Department of Medical Informatics, Erasmus University Medical Center, 3015 GD Rotterdam, The Netherlands.
Department of Biostatistics, University of California, Los Angeles, Los Angeles, CA 90095-1772, United States.
J Am Med Inform Assoc. 2024 Jun 20;31(7):1514-1521. doi: 10.1093/jamia/ocae109.
This study evaluates regularization variants in logistic regression (L1, L2, ElasticNet, Adaptive L1, Adaptive ElasticNet, Broken adaptive ridge [BAR], and Iterative hard thresholding [IHT]) for discrimination and calibration performance, focusing on both internal and external validation.
We use data from 5 US claims and electronic health record databases and develop models for various outcomes in a major depressive disorder patient population. We externally validate all models in the other databases. We use a train-test split of 75%/25% and evaluate performance with discrimination and calibration. Statistical analysis for difference in performance uses Friedman's test and critical difference diagrams.
Of the 840 models we develop, L1 and ElasticNet emerge as superior in both internal and external discrimination, with a notable AUC difference. BAR and IHT show the best internal calibration, without a clear external calibration leader. ElasticNet typically has larger model sizes than L1. Methods like IHT and BAR, while slightly less discriminative, significantly reduce model complexity.

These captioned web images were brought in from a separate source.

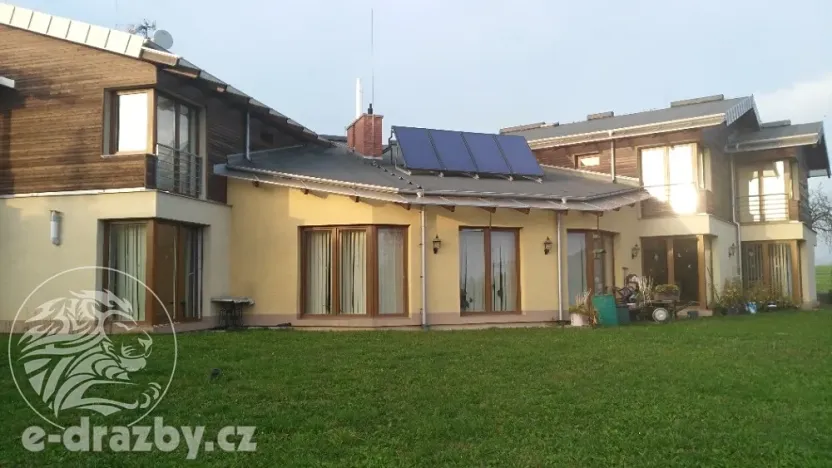 Dražba vícegeneračního domu, Solnice, 560 m2
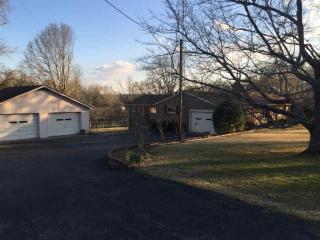1300 Poplar Springs Bargerton Rd, Lexington, TN 38351-5411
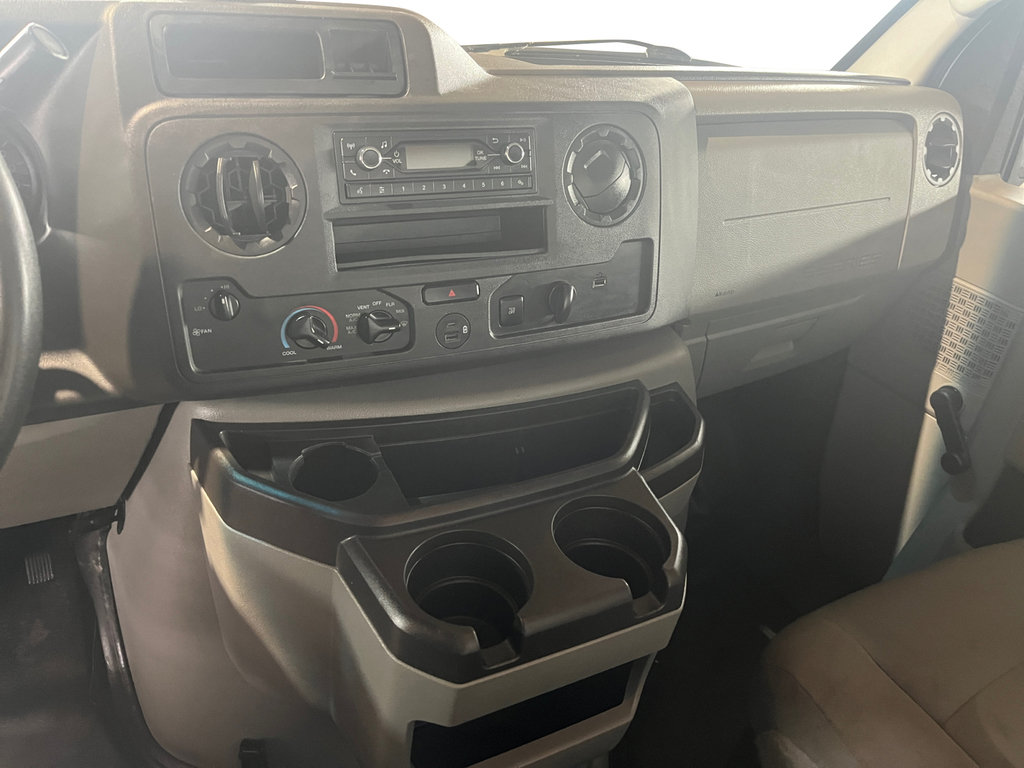 2022 Ford E-Series Cutaway BASE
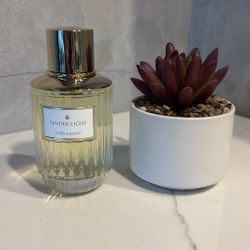 Tender Light Perfume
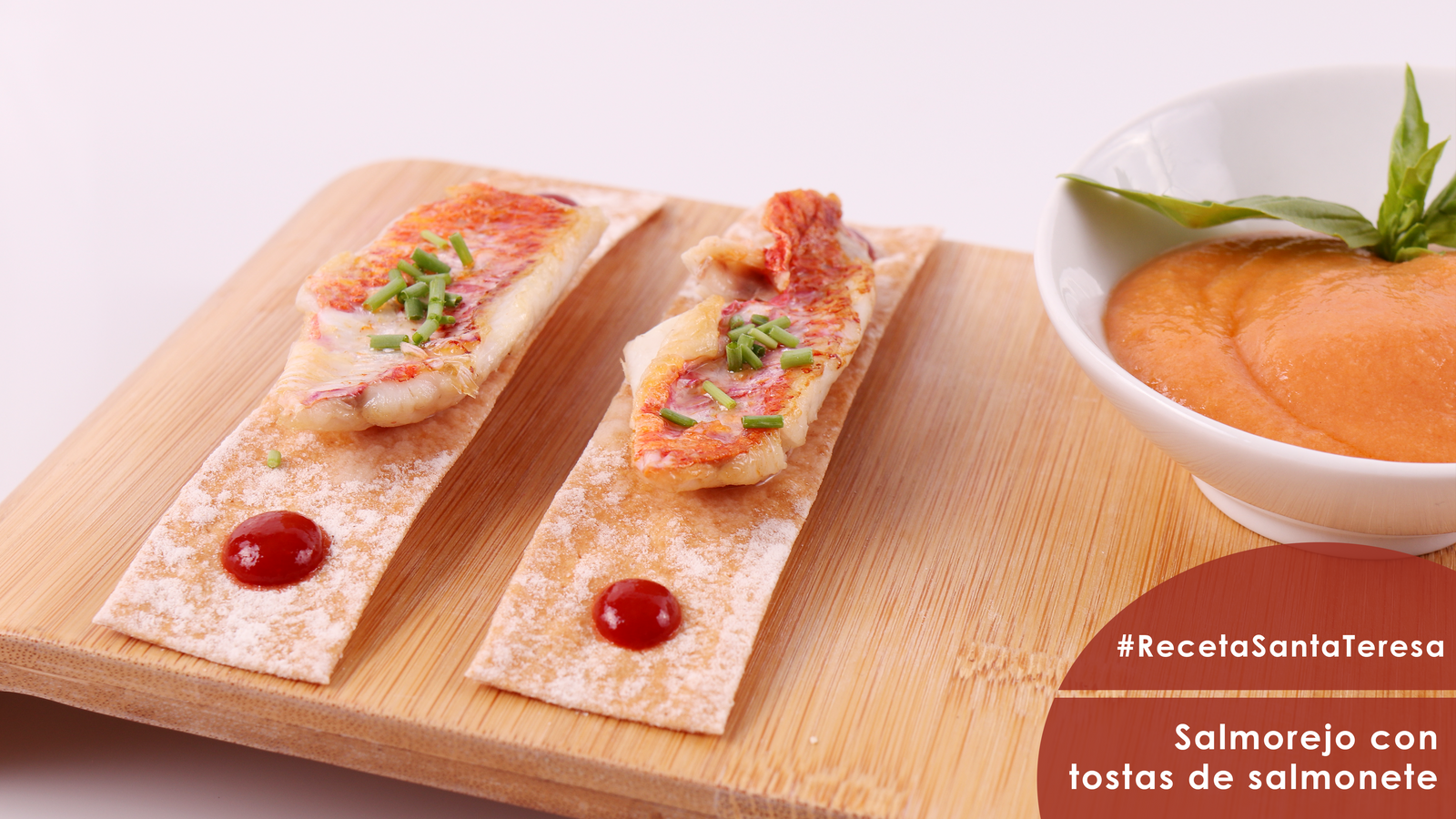 Receta de salmorejo con tostas de salmonetes.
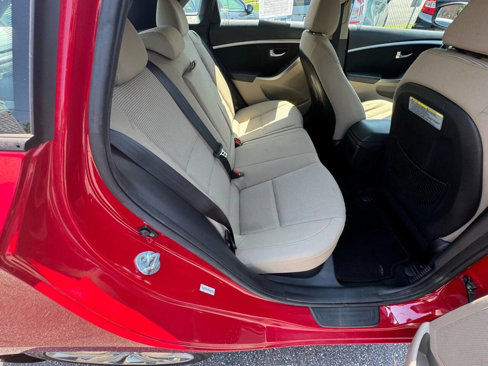 Used 2013 Hyundai Elantra GT w/ Touch & Go Pkg image 18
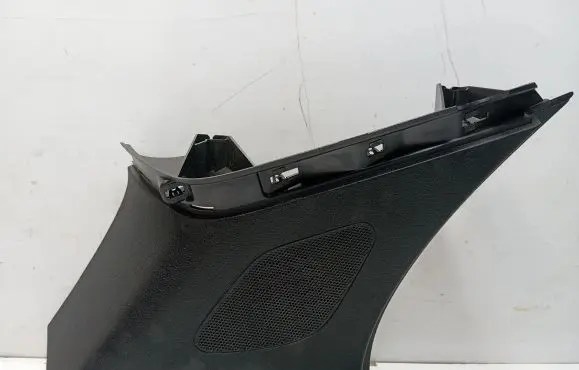 Porsche Macan (95B) (D)pillar trim (top) 95B867245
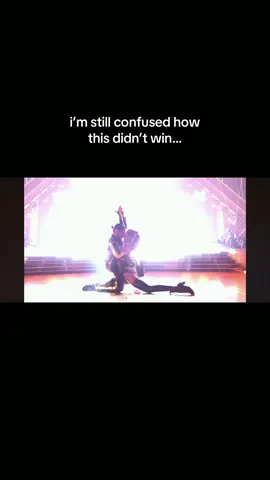 no disrespect to anyone else but this was one of those performances where i genuinely forgot i was watching a celebrity who had never done this before 😭 follow for more dwts<3 #dwts #dancingwiththestars #alixearle #dwtstour #dancingwiththestars2026 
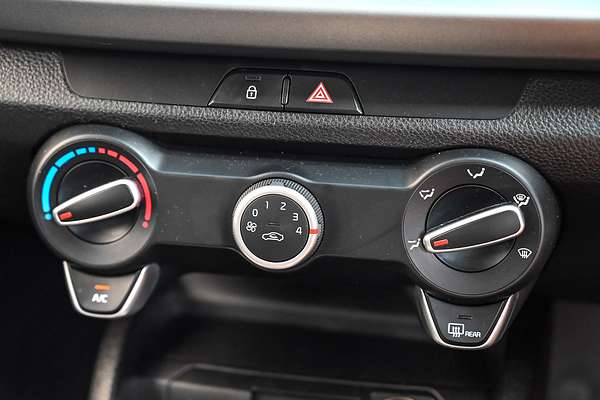 2017 Kia Rio S YB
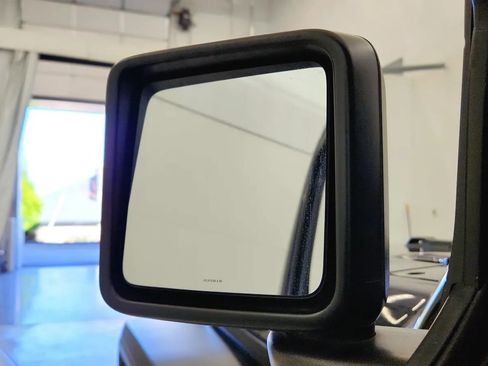 Used 2018 Jeep Wrangler Sport image 33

L1 and ElasticNet offer the best discriminative performance in logistic regression for healthcare predictions, maintaining robustness across validations. For simpler, more interpretable models, L0-based methods (IHT and BAR) are advantageous, providing greater parsimony and calibration with fewer features. This study aids in selecting suitable regularization techniques for healthcare prediction models, balancing performance, complexity, and interpretability.
本研究评估了逻辑回归(L1、L2、ElasticNet、自适应 L1、自适应 ElasticNet、断裂自适应岭(BAR)和迭代硬阈值(IHT))中的正则化变体在判别和校准性能方面的表现,重点关注内部和外部验证。
我们使用来自 5 个美国索赔和电子健康记录数据库的数据,并为主要抑郁症患者群体的各种结果开发模型。我们在其他数据库中对所有模型进行外部验证。我们使用 75%/25%的训练-测试分割,并使用判别和校准来评估性能。性能差异的统计分析使用 Friedman 检验和临界差异图。
在所开发的 840 个模型中,L1 和 ElasticNet 在内部和外部判别方面均表现出色,AUC 差异显著。BAR 和 IHT 显示出最佳的内部校准,而外部校准没有明显的领先者。ElasticNet 通常比 L1 具有更大的模型大小。像 IHT 和 BAR 这样的方法虽然判别能力稍差,但可以显著降低模型复杂度。
L1 和 ElasticNet 在医疗保健预测的逻辑回归中提供了最佳的判别性能,在各种验证中保持稳健。对于更简单、更具可解释性的模型,基于 L0 的方法(IHT 和 BAR)具有优势,可提供更少的特征和更简洁的校准。本研究有助于选择适合医疗保健预测模型的正则化技术,在性能、复杂性和可解释性之间取得平衡。